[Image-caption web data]
= = =

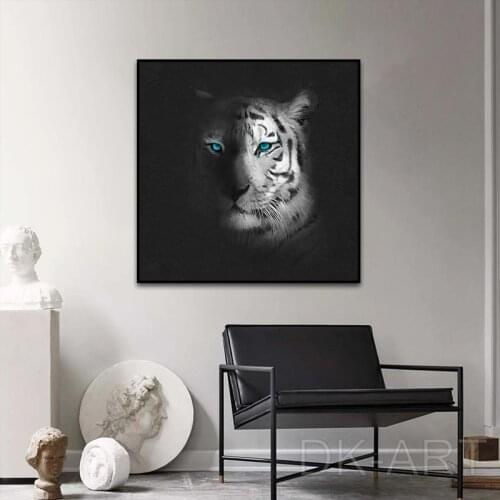 Black and White Tiger Canvas Art Paintings on the Wall Posters and Prints Modern Abstract Animals Pictures for Living Room Decor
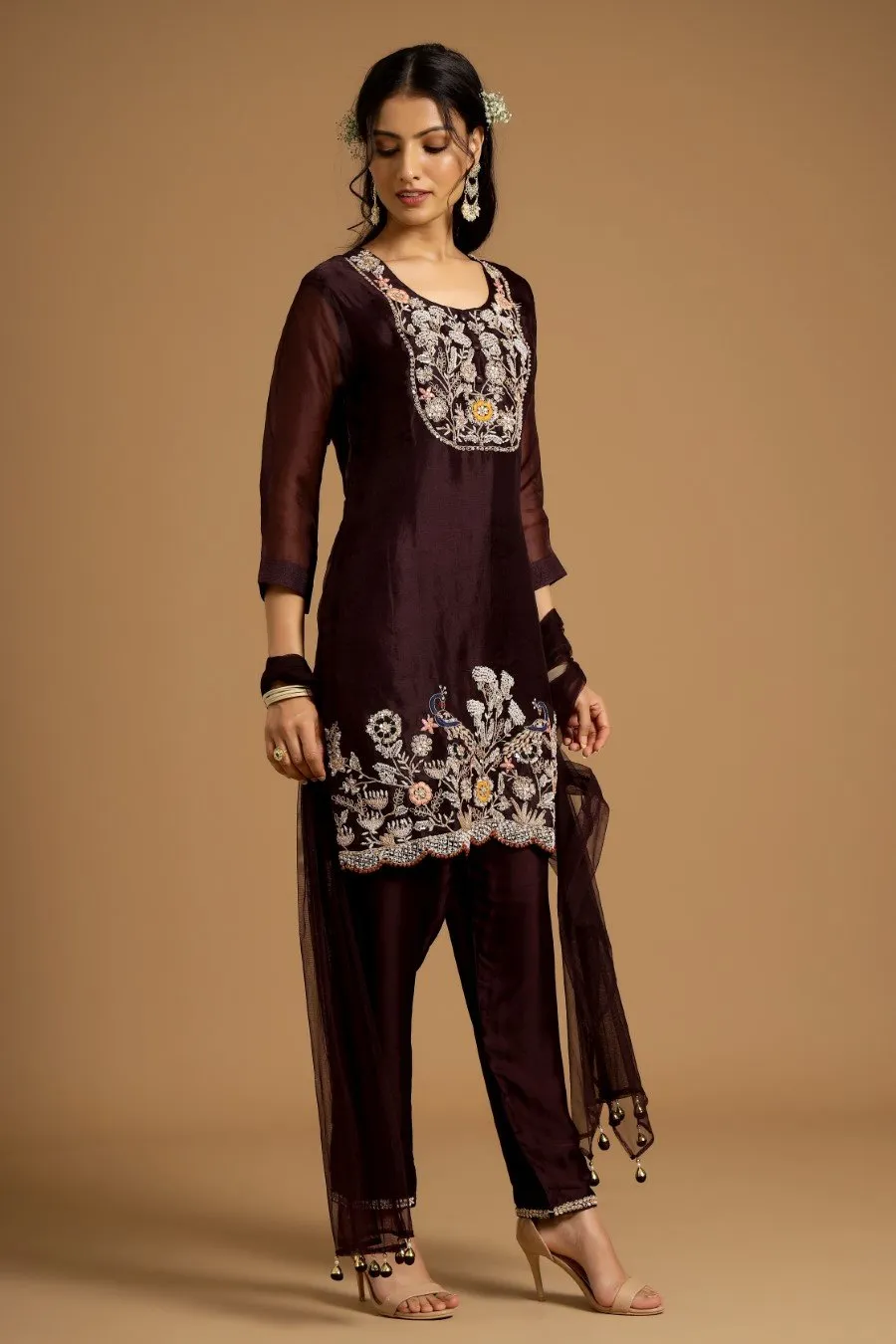 Dark Wine Organza Silk Embroidered Kurta Set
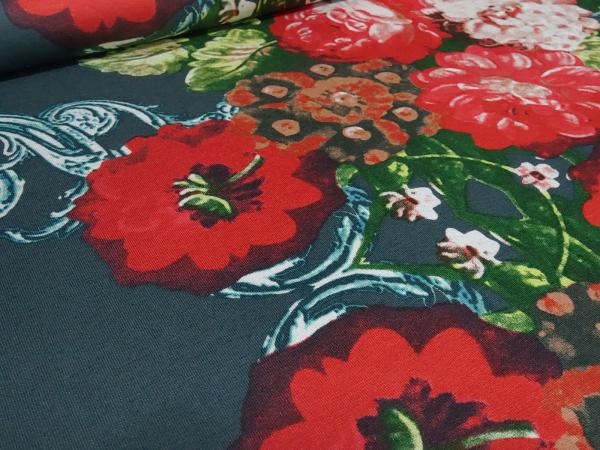 Stoff Viskose Jersey mit Blumen Borden Design dunkelgrün petrol rot bunt Kleiderstoff
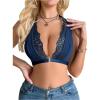 imageOYOANGLE Womens Lace Trim Front Closure Bralette Halter Neck Wireless Backless Knitted Casual Everyday BrasBlue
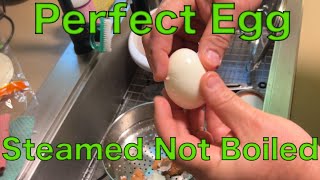 Perfect Easy Peel Farm Fresh Eggs  Hard Steamed Not Hard Boiled [upl. by Eilrac255]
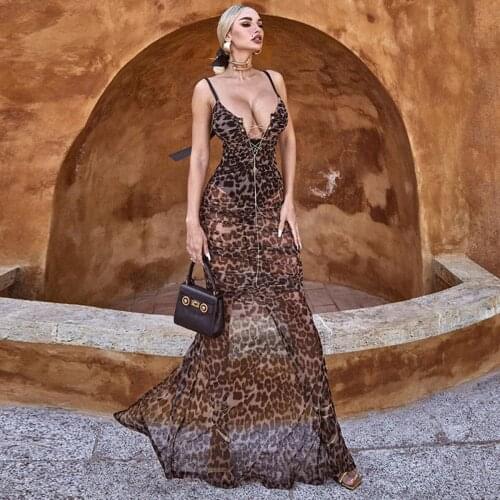 Sexy Perspective Low-Cut Leopard Print Lace Up Chest Mesh Dress Breathable Flexible Cowl Thin Dresses for Women Party Prom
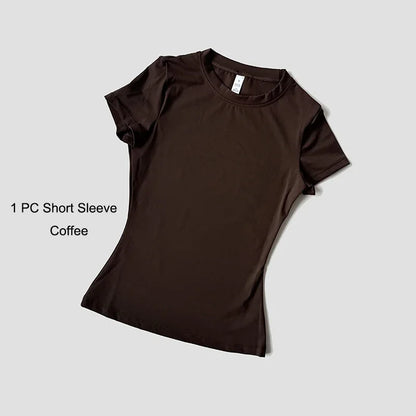 Yoga Set Women Sportswear Workout Clothes Athletic Wear Gym Legging Fitness Crop Top Short Sleeves Sports Suit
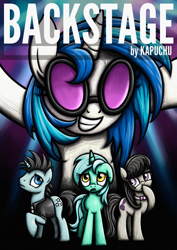 Size: 1240x1754 | Tagged: safe, artist:rambopvp, dj pon-3, lyra heartstrings, neon lights, octavia melody, rising star, vinyl scratch, earth pony, pony, backstage, cover art, fanfic, fanfic art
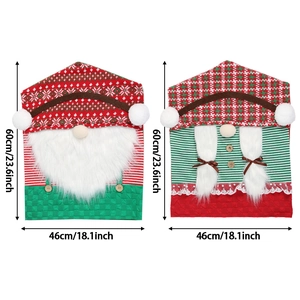 Detailed view of Christmas chair covers with size dimensions 60x46cm in red and green colors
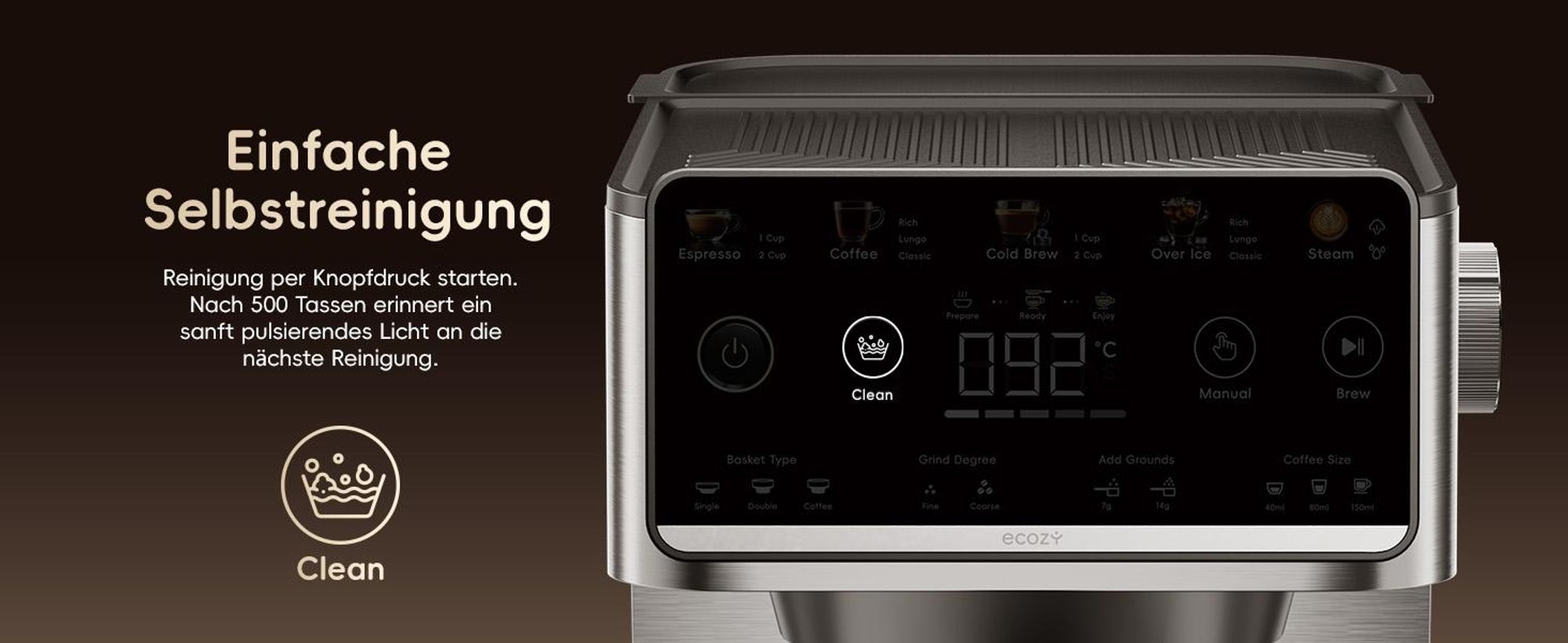 ecozy Espressomaschine mit Milchaufschäumer, 4-in-1 Siebträgermaschine für Espresso, Cold Brew, Over Ice, Kaffee, Latte, Touchscreen, Selbstreinigung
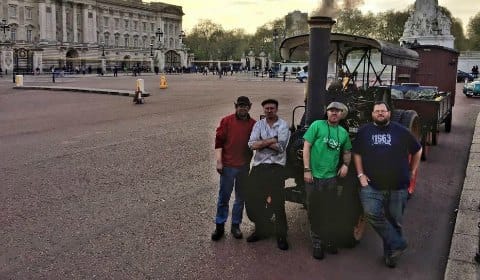 The steam tractor team outside Buckingham Palace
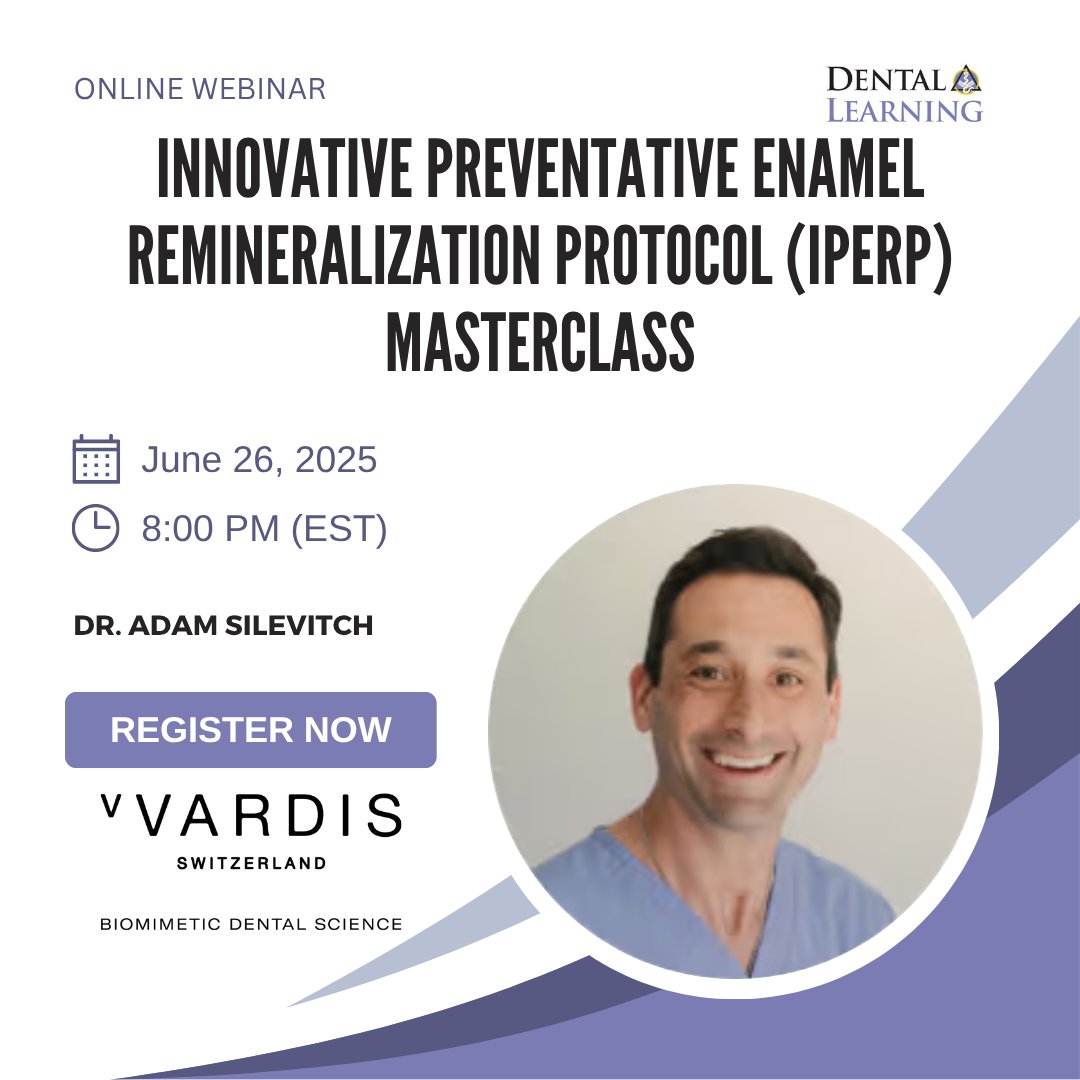 DentalLearning's tweet image. Join us for a cutting-edge IPERP Masterclass with Dr. Silevitch. Explore minimally invasive dentistry through the latest in enamel remineralization, diagnostics, and biomimetic tech. Register now!
hubs.la/Q03rX23D0
#Remineralization #CariesPrevention #ToothPreservation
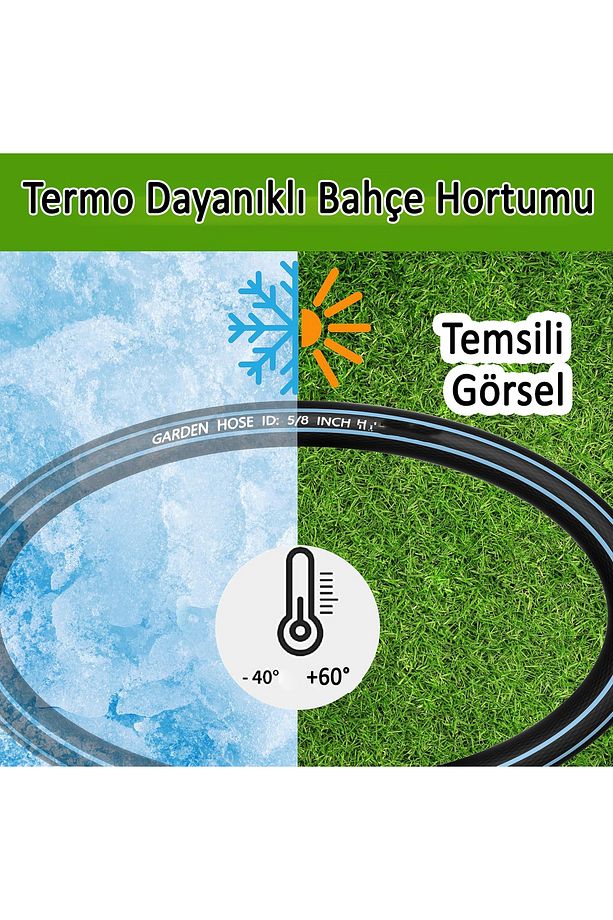 Sulama Yıkama Hortum 12.5 mm 1/2" Termo Bahçe Hortumu 15 Metre Dayanıklı 3 Katlı Sağlam Çeşme Su - 2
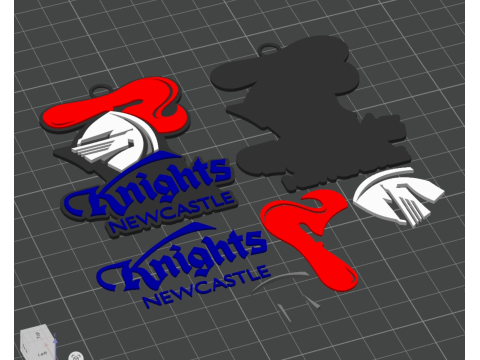 NRL Newcastle Knights keychain badge color printable and renderable 3D 打印模型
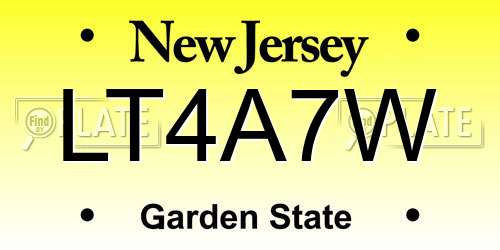 LT4A7W New Jersey License Plate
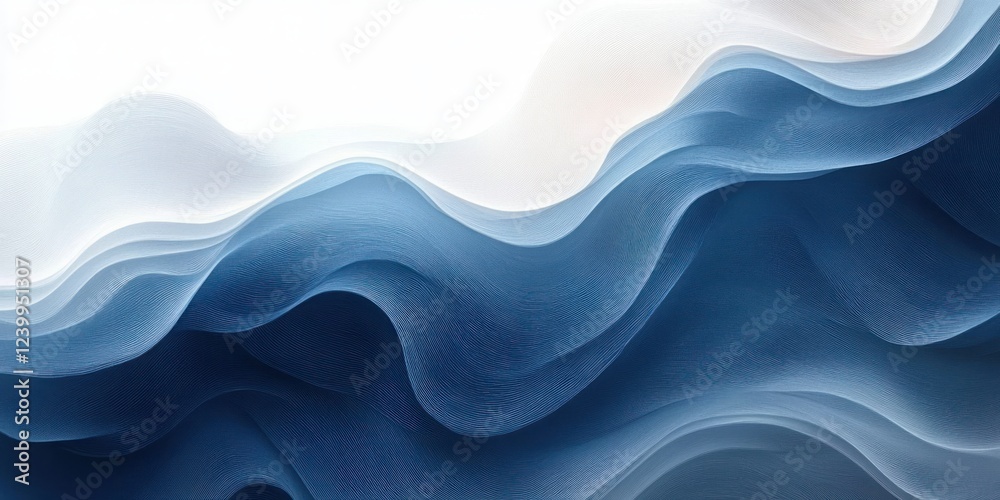 Obraz premium Abstract Blue Gradient Watercolor Background with Fluid Wave Textures and Space for Text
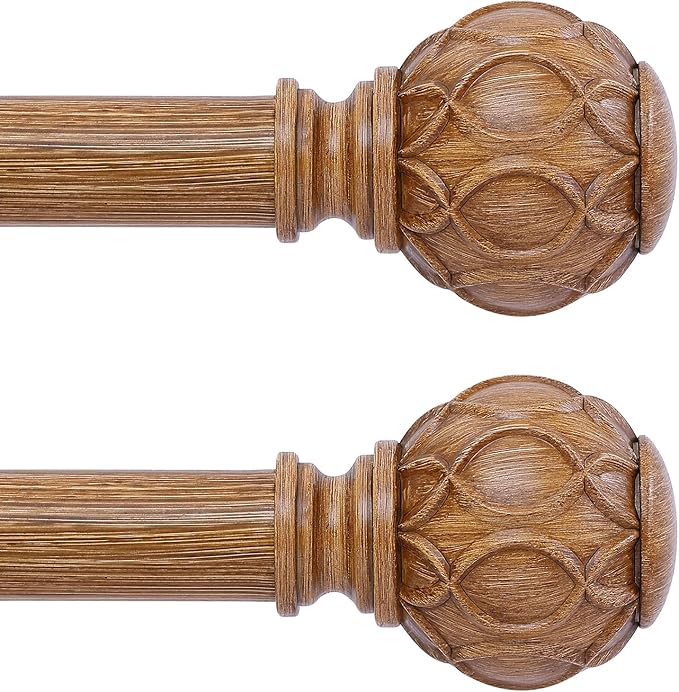 2 Pack Wood Curtain Rods for Windows 48 to 84 Inch(4-7ft),1 Inch Adjustable Curtain Rod,Heavy Duty Curtain Rods,Wooden Netted Texture Drapery Rods,Single Window Curtain Rod 36-88",Brown Wood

= = =

* ASSIGNED TASK *
Excluding pictures, print all lines above exactly.

* RESULT OF THE EXERCISE *
 Black and White Tiger Canvas Art Paintings on the Wall Posters and Prints Modern Abstract Animals Pictures for Living Room Decor
 Dark Wine Organza Silk Embroidered Kurta Set
 Stoff Viskose Jersey mit Blumen Borden Design dunkelgrün petrol rot bunt Kleiderstoff
 imageOYOANGLE Womens Lace Trim Front Closure Bralette Halter Neck Wireless Backless Knitted Casual Everyday BrasBlue
 Perfect Easy Peel Farm Fresh Eggs  Hard Steamed Not Hard Boiled [upl. by Eilrac255]
 Sexy Perspective Low-Cut Leopard Print Lace Up Chest Mesh Dress Breathable Flexible Cowl Thin Dresses for Women Party Prom
 Yoga Set Women Sportswear Workout Clothes Athletic Wear Gym Legging Fitness Crop Top Short Sleeves Sports Suit
 Size: 1240x1754 | Tagged: safe, artist:rambopvp, dj pon-3, lyra heartstrings, neon lights, octavia melody, rising star, vinyl scratch, earth pony, pony, backstage, cover art, fanfic, fanfic art
 Detailed view of Christmas chair covers with size dimensions 60x46cm in red and green colors
 ecozy Espressomaschine mit Milchaufschäumer, 4-in-1 Siebträgermaschine für Espresso, Cold Brew, Over Ice, Kaffee, Latte, Touchscreen, Selbstreinigung
 The steam tractor team outside Buckingham Palace
 DentalLearning's tweet image. Join us for a cutting-edge IPERP Masterclass with Dr. Silevitch. Explore minimally invasive dentistry through the latest in enamel remineralization, diagnostics, and biomimetic tech. Register now!
hubs.la/Q03rX23D0
#Remineralization #CariesPrevention #ToothPreservation
 Sulama Yıkama Hortum 12.5 mm 1/2" Termo Bahçe Hortumu 15 Metre Dayanıklı 3 Katlı Sağlam Çeşme Su - 2
 NRL Newcastle Knights keychain badge color printable and renderable 3D 打印模型
 LT4A7W New Jersey License Plate
 Obraz premium Abstract Blue Gradient Watercolor Background with Fluid Wave Textures and Space for Text
 2 Pack Wood Curtain Rods for Windows 48 to 84 Inch(4-7ft),1 Inch Adjustable Curtain Rod,Heavy Duty Curtain Rods,Wooden Netted Texture Drapery Rods,Single Window Curtain Rod 36-88",Brown Wood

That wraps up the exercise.